El método fue básicamente el mismo en la gigantesca campaña de 1909, en Europa y América, por la ejecución de Ferrer Guardia, complicado, como inductor y organizador, en varios de los atentados más siniestros de la época. La campaña fue movida por todas las izquierdas y por la masonería (Ferrer era masón), presentando al siniestro individuo como “el nuevo Galileo” y “el educador de España”, víctima, como siempre,  de “la Inquisición”, la “España negra” y demás tópicos de amplia circulación. El resultado político sería el apartamiento de Maura por un rey demasiado impresionable, y con ello un nuevo naufragio en la evolución ordenada del régimen.
   
Poco antes, en 1907, el terrorismo había gozado de un éxito crucial cuando toda la izquierda, más el Partido Liberal, hicieron causa común y echaron abajo una ley  antiterrorista presentada por Maura. Naturalmente, la campaña contra la ley invocaba los derechos y libertades (de los asesinos, claro, eso no se decía).
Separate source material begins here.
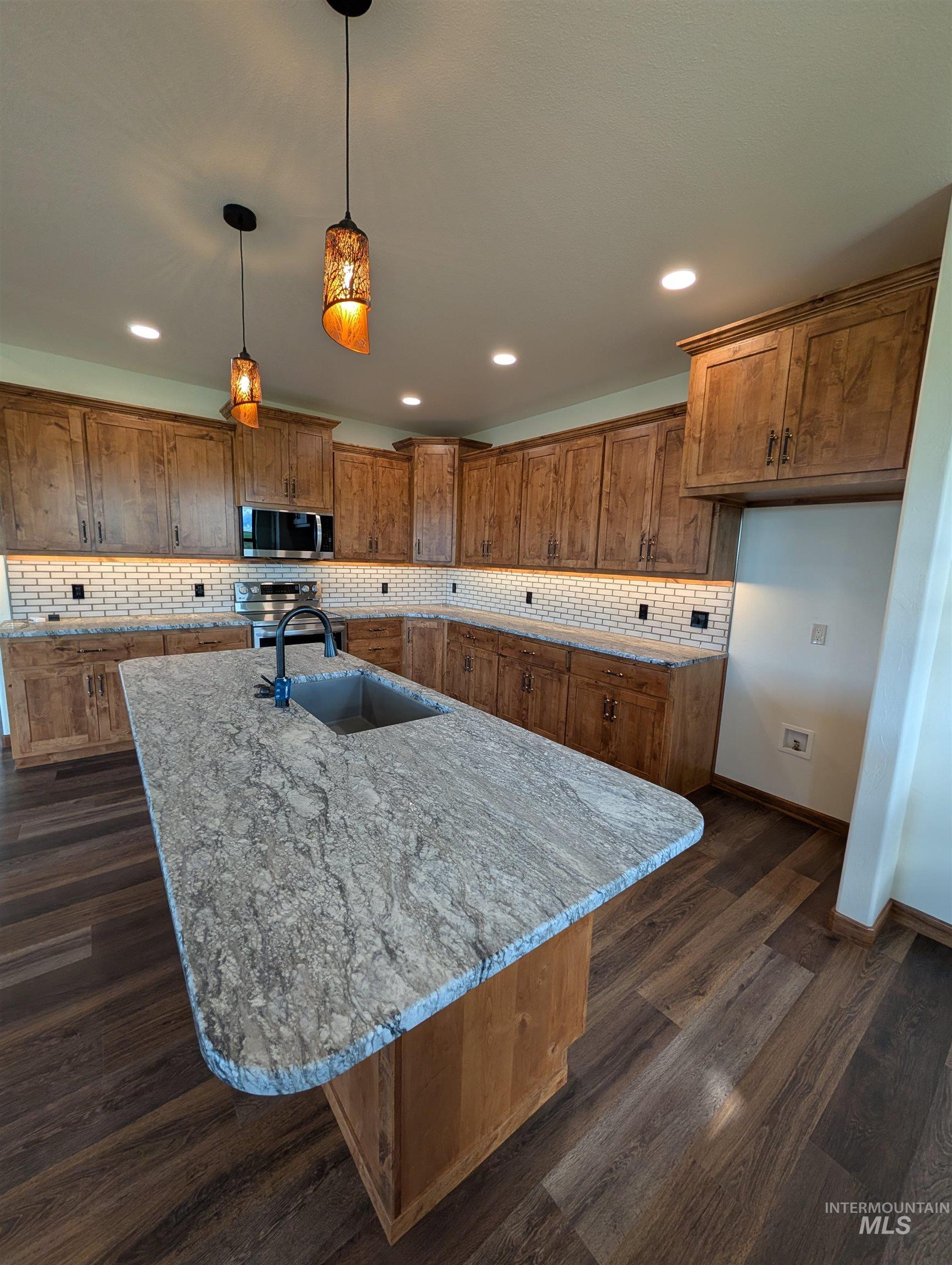 137 Angus Ranch Grangeville, ID 83530 - Photo 7 of 49 Kitchen featuring pendant lighting, brown cabinetry, dark wood-style flooring, backsplash, and appliances with stainless steel finishes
Observa Cambó: “Después, gobiernos liberales y republicanos  tuvieron que hacer aprobar proyectos mucho más  rigurosos para mantener el orden público y salvar al respectivo régimen”.
  
Así, contra la ingenua  confianza en el carácter caballeresco español –que sin duda existe, pero no tan extendido– el terrorismo prendió con fuerza en nuestro país y, lo más siniestro, contó en todo momento con un vasta cohorte de amigos y benefactores, unos por extraerle beneficios políticos, otros por admiración hacia quienes hacían lo que ellos hubieran deseado y no osaban, muchos por frivolidad. Sin esos numerosos amigos y cómplices más o menos encubiertos, el terrorismo podría haber sido aislado eficazmente a tiempo, y España  haberse evitado muchos males.
   
Y hoy la historia se repite. Creo del mayor interés repasar estos precedentes,  porque solemos tener mala memoria histórica, lo cual nos impide aprender de la experiencia y nos lleva a repetir constantemente los errores. El  reto que nos plantea ahora mismo el terrorismo nacionalista vasco, que probablemente se aliará, si no lo ha hecho ya, con el islámico, y goza de la “comprensión” del  PNV y del nacionalismo catalán, y de la actitud ambigua del PSOE de Zapatero, va a exigir una gran claridad de ideas, un gran tesón  y una gran firmeza, si no queremos que nuestra libertad vuelva a hundirse por tercera vez en menos de un siglo.